第24話 かっこいい僕のヒーロー

 ムスカリに抱き起こされた若い編集者、アヒムがこちらを凝視している。

 戦いなど、一般の民に見せるものではない。


「部屋に突入するのが遅くなってしまった。すまない。……殴られたようだが、大丈夫か?」


 副団長は身を屈めると、なるべく穏やかな声でアヒムに話しかける。すると、アヒムの瞳が輝きだした。


「ひ、ヒーローだ……! かっこいい!」

「は?」


 アヒムの言葉と表情に、耳と目を疑う。


「助けてくださってありがとうございます! 僕、ずっとずっと、編集長のやり方に疑問を持ってました! でも言えなくて、作家の先生達を守れなくて、鬱々としてました。自分情けないなって……」

「そんなことないぞ。君は作品を守ろうと立ち上がったじゃないか、偉いぞ」


 副団長の言葉に、アヒムは首を横に振る。


「……僕は編集長に殴られただけですから」

「私も勇気ある行動だと思いますよ。上の人間に物申すなど、なかなかできることではありませんから」


 ムスカリも、副団長の言葉に同意する。

 アヒムはムスカリの手を取ると、ゆっくり立ち上がった。


「……僕はこの一年、編集長から命令を受けて『宗国の猟犬』をモデルとしたヒーロー像を先生達に書かせていました。すごく不本意だったんですけど、考え方が変わりました。ああ、本物はこんなに強くてかっこいいんだって……!」

「キラキラしてるところ悪いが、俺達は任務で潜入しただけで……」


 編集者は職業柄、物語フィクションに触れることが多い。非日常的な出来事があっても恐れたりせず、逆に楽しめてしまうのかもしれない。

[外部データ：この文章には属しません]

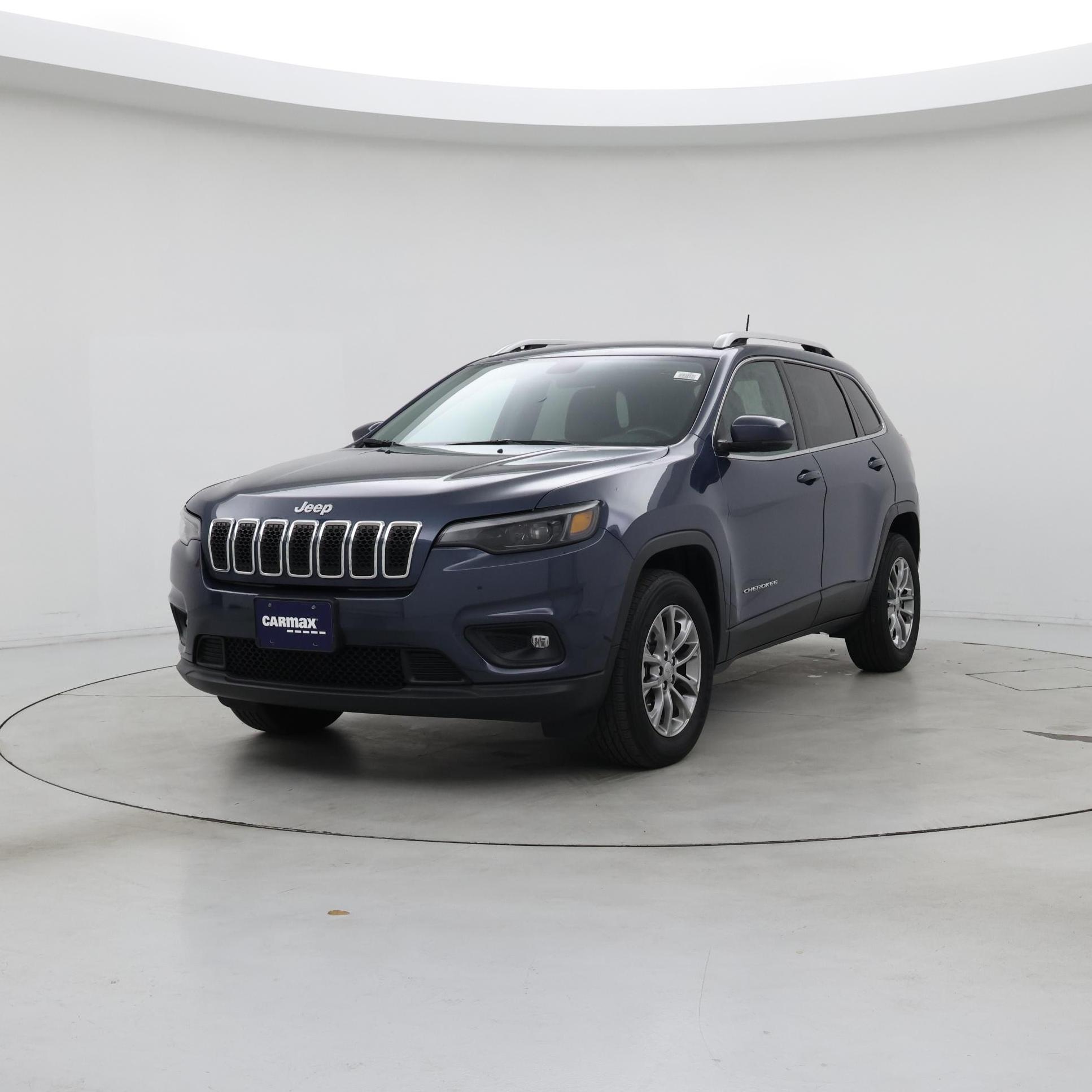 Thumbnail: 2020 Jeep Cherokee - 4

 普通は目の前で殴り合いが行われたら、一般の民は恐怖で震えてしまうものだ。

 だが、アヒムは英雄譚に胸を躍らせる少年のような目を副団長やムスカリに向ける。


「任務!? 潜入!? 編集長が王立騎士団って言ってましたね! お二人はバディなのですか!?」

「あとでご説明しますから、落ち着いてください」

「あわわっ、ごめんなさい! 編集長は倒れてますから、何か必要なものがあれば僕が探します! 何でも聞いてくださいね」


(げ、元気だな……)


 捜査に協力的なのはありがたいが、こんなにあからさまに憧れの目を向けられると逆にやりづらい。

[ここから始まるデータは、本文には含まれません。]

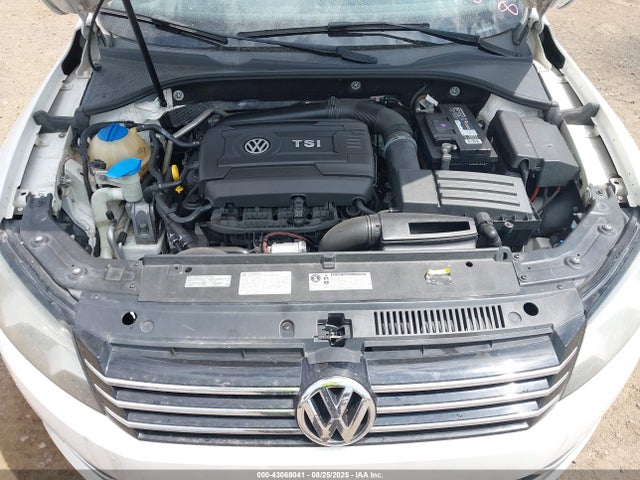 1VWAT7A32FC024107 Volkswagen Passat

「って言っても、僕は下っ端の編集者でして、あまり深く事情は知らないんですけど……」


 アヒムの表情はころころ変わる。

 目をキラキラさせていたかと思うと、次はしょんぼりと肩を落とした。

 まるで愛玩犬のようだ。


「いいさ。この物音を聞きつけて人がやってくるだろう。君は仲間の編集者やスタッフに、何があったか説明してくれるだけでいい」


 ちょうど、複数の足音や戸惑うような人の声が廊下から聞こえてきた。


 ◆


「やれやれ……事情聴取は疲れるな」

「お疲れ様です、副団長殿」


 副団長は肩に手を置くと首を回す。ごきりと鈍い音がした。

 あの後、建屋のまわりを囲んでいた特務部隊を呼び、テリオール・ノベルズ社の中を捜索した。

 案の定、出るわ出るわ、不正の証拠の山。

 事務室の奥など、そこ一体が黒く澱んでみえるほどであった。

 ムスカリは口端を下げた。


「特務部隊はまだクリーンな組織だったんだなと……そう思いましたね」


 ムスカリの古巣である特務部隊は、諜報と暗殺を主に行う部隊だった。後ろ暗い組織ほど、会計管理だけはきちんとしている……なんてことは割とよくある。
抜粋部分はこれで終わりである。